Due giorni nella storia di questa città
Milano ricorderà il 10 (e l’11) settembre 2012 come si ricorda qualcosa di estremo e ambivalente: la viva riscossa contro le fiamme mafiose, da un lato, e la nera insicurezza color polvere da sparo dall’altro.
La storia di Loreno Tetti ci racconta che aveva ragione Falcone quando diceva che “la mafia è un fenomeno umano”. Cosa c’è di più umano della codardia mafiosa che dà fuoco all’autonegozio di chi non vuole stare alle regole del suo gioco violento?

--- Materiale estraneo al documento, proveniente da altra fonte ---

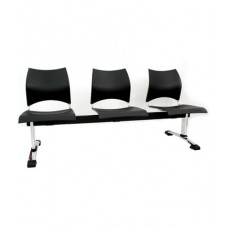 Longarina 3 lugares plastica s/ braço 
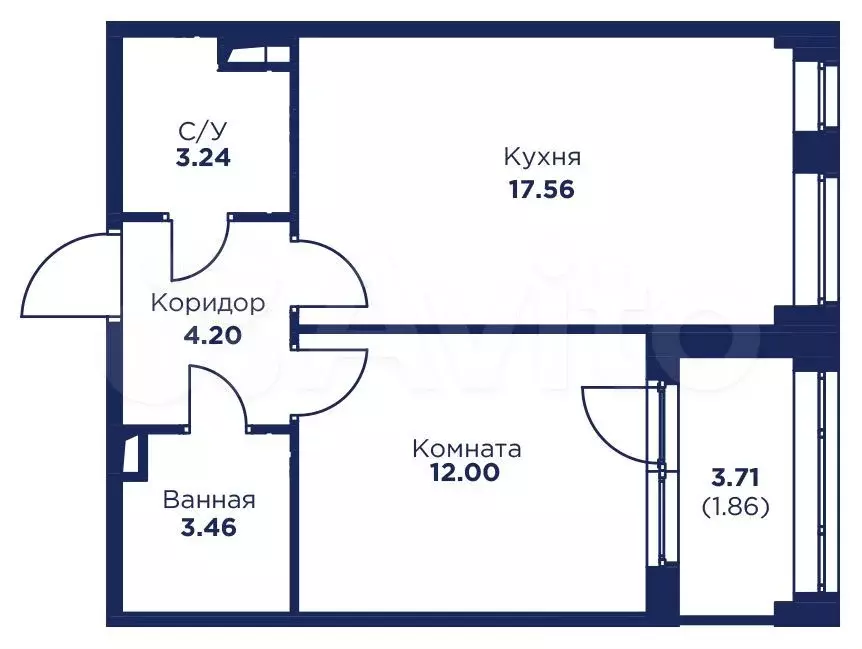 1-к. квартира, 40,5 м, 1/5 эт. - Фото 1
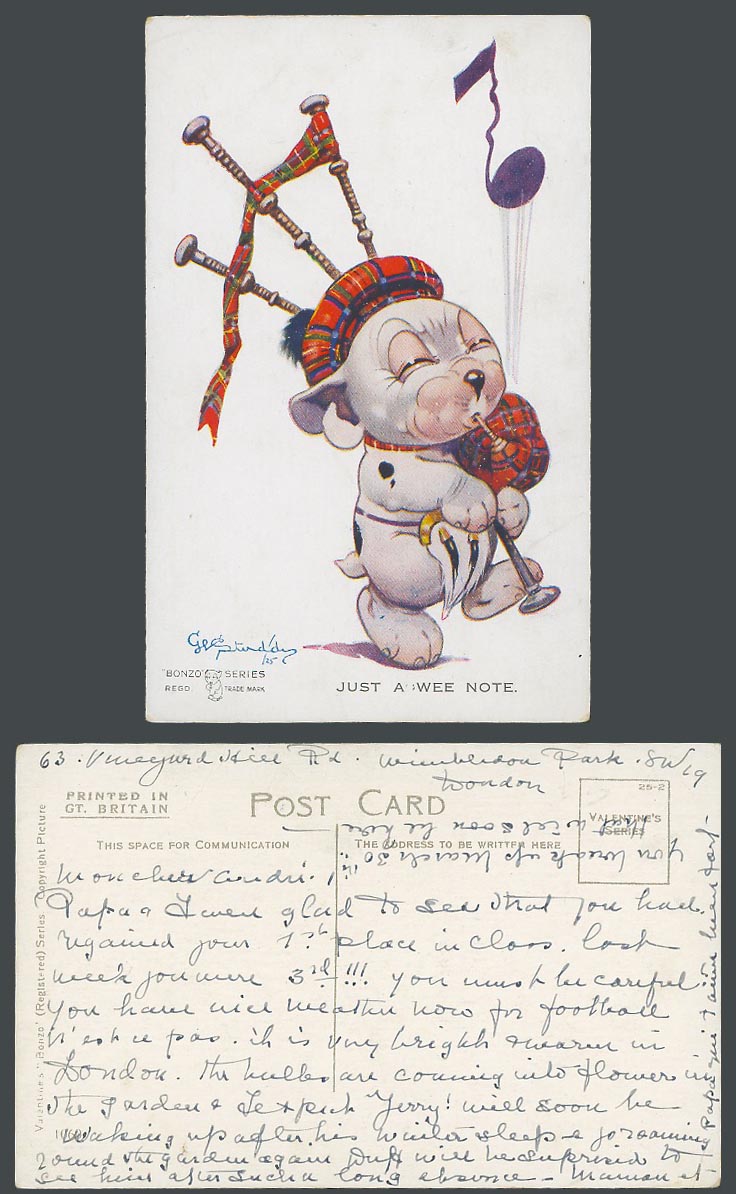 BONZO DOG G.E. Studdy Old Postcard Just a Wee Note, Scottish Bagpipe, Puppy 1060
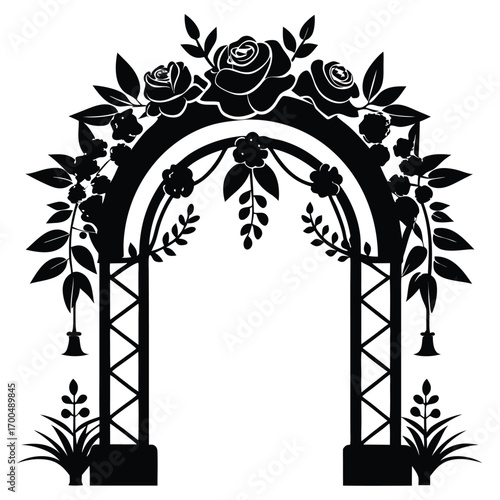 Silhouette of a RoseAdorned Wedding Arch with Ornamental Plants and Hanging Bells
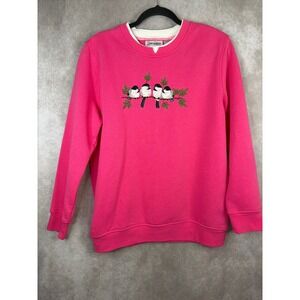 Speculation Pink Bird Embroidered Crewneck Sweatshirt Women's Small Grandmacore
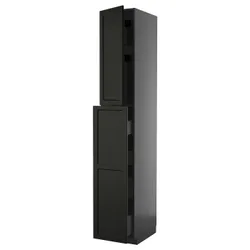 IKEA METOD / KNIVSHULT(295.892.97) SZA WYSIE Z 1DRZ/4SZU, Чорноззюр/Лерхіттан забарвлюється чорним кольором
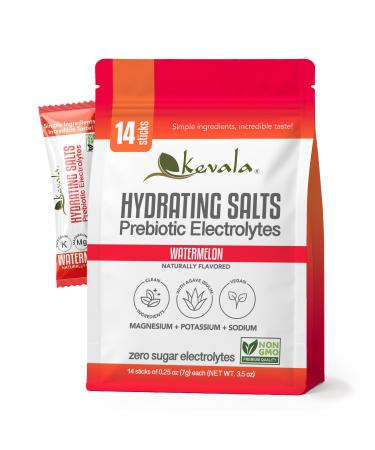 kevala Electrolytes Watermelon Powder Packets | Sugar Free Drink Mix Packets with Prebiotics, Potassium & Salt Electrolytes for Keto Hydration | Rehydration Support | 1 Pack (14 Sticks)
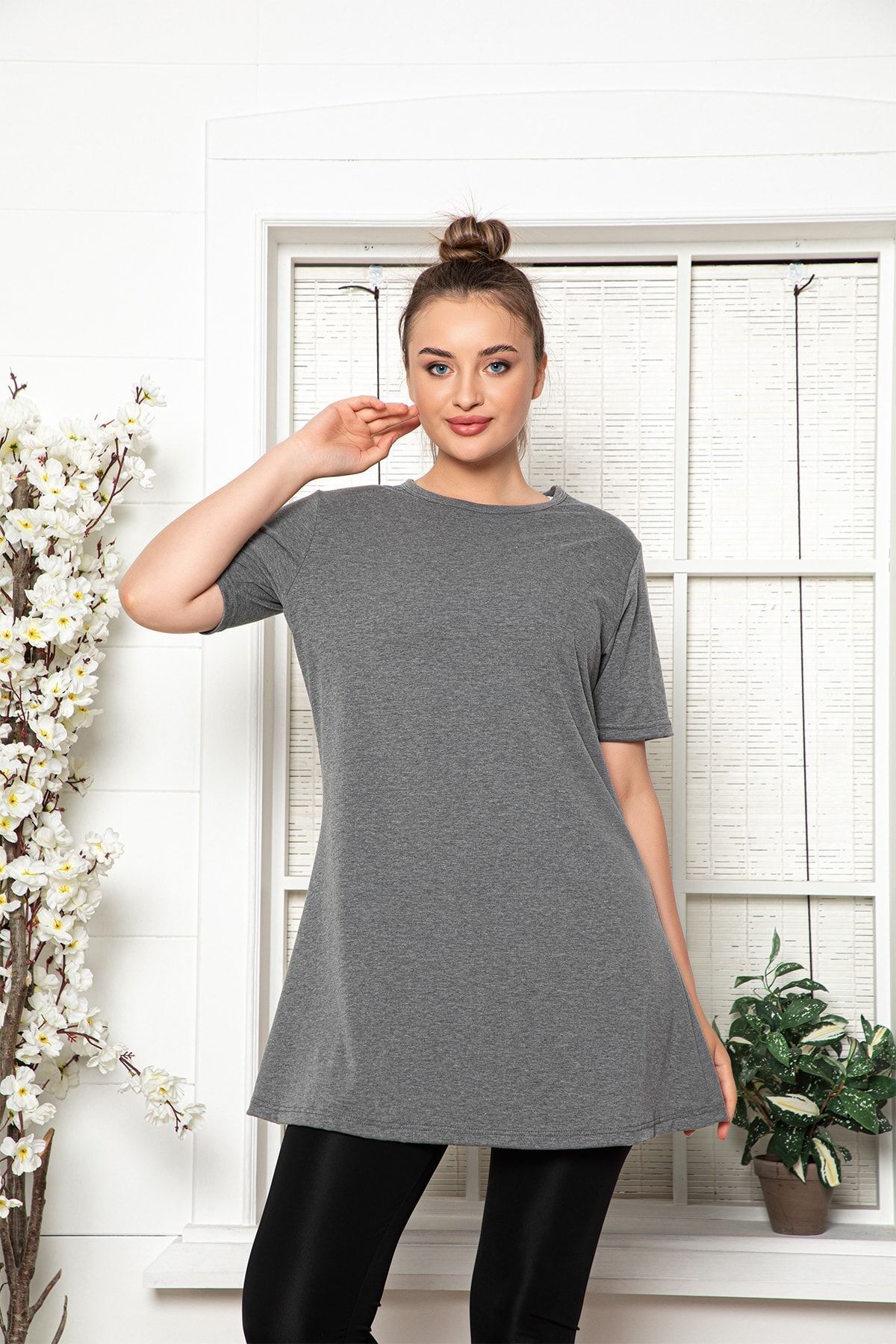 MyBen-Women's Anthracite Short Sleeve Cotton Crew Neck Combed Cotton Tunic 4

E cosa c’è di più umano del coraggio di chi a quelle imposizioni si sottrae, rivendicando il diritto al libero esercizio della propria professione, il diritto ad una vita felice, rispettosa e rispettata?
Dalla mattina di lunedì 10 settembre, Loreno ha ripreso la sua quotidianità, è tornato in via Celoria 16, dagli studenti di Città Studi; a “tenerci compagnia”, ha dolcemente sottolineato uno studente di Fisica durante la trasmissione “L’Infedele” a cui Loreno è stato invitato, supportato da molti universitari e alcuni rappresentanti di associazioni milanesi.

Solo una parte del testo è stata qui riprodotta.